April 18 (Bloomberg) -- Clayton Osbon, the JetBlue Airways Corp. pilot arrested after his erratic behavior led to the diversion of a flight, told a federal court he will rely on an insanity defense.
The pilot, 49, notified U.S. District Judge Mary Lou Robinson today in a filing by his lawyer, E. Dean Roper, at the federal court in Amarillo, Texas.
Osbon’s behavior while captaining a March 27 flight from New York to Las Vegas caused his co-pilot to bar him from the cockpit, according to an FBI agent’s affidavit filed with a criminal complaint the next day. After Osbon began shouting and pounding on the flight deck door, he was restrained by some of the plane’s passengers.
The plane diverted to Amarillo where he was taken into custody and charged the next day with interfering with the duties of a flight crew. He was indicted on April 11.
If the case follows the typical pattern of defense by insanity, prosecutors must still prove their case beyond a reasonable doubt and Osbon will formulate an argument that “negates that conduct in some legal way,” said McGregor Scott, a former federal prosecutor and partner at Orrick Herrington & Sutcliffe in Sacramento, California.
Osbon may agree to admit that he committed the acts prosecutors describe so he can focus exclusively on his insanity defense, Scott said.

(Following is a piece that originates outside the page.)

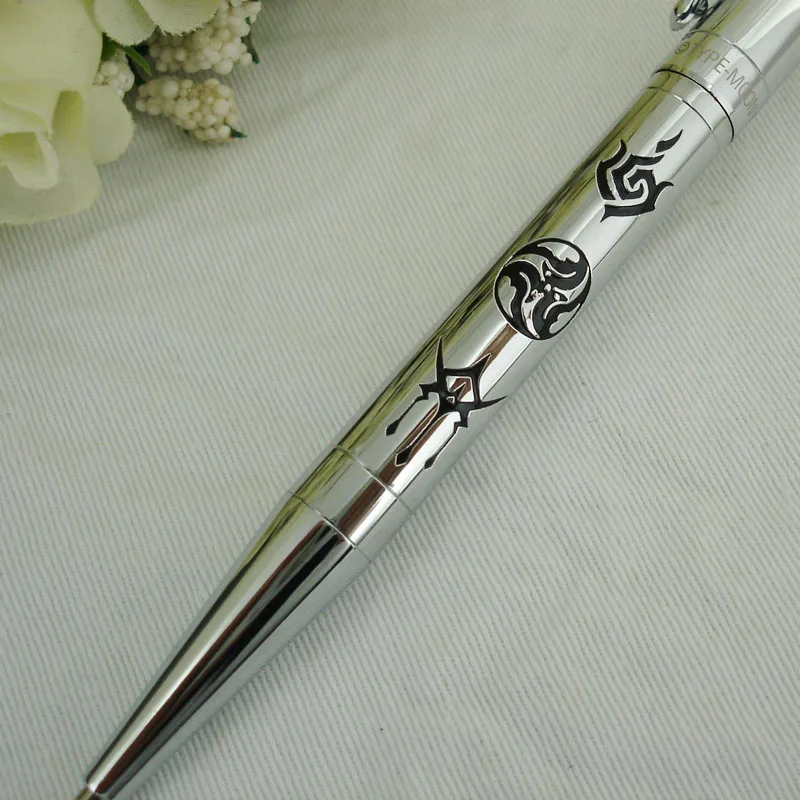 ACMECN Hi-tech Deboss Ball Pen Unique ODM Design Office and School Stationery Ballpoint Pen Slim Turning Silver Pens Promotion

The strategy “avoids the risk of inflaming the jury” through passenger testimony of how Osbon threatened their safety, he said.
If the prosecution goes forward with its case, Osbon’s lawyers will argue he was “legally insane and therefore not legally culpable for his acts,” both sides will present psychiatric experts and a jury will make its determination, Scott said.
John Whitworth, the Federal Bureau of Investigation agent whose affidavit supported the criminal complaint, recounted Osbon’s behavior on that flight, as it was told to him by the co-pilot, by an off-duty pilot also aboard the plane and by three flight attendants.
While Osbon arrived late at New York’s John F. Kennedy International Airport, he didn’t initially display any “bizarre” behavior, Whitworth wrote.
In flight, Osbon told his co-pilot, “things just don’t matter,” Whitworth said, used the plane’s radio to yell at air traffic controllers, later switched off the radio, and told the co-pilot “we need to take a leap of faith” and “we are not going to Vegas.”
Robinson on April 4 ordered Osbon take a competency exam evaluating his fitness to stand trial and whether he was sane at the time of his alleged offense.
The case is U.S. v. Osbon, 12-cr-00017, U.S. District Court, Northern District of Texas (Amarillo).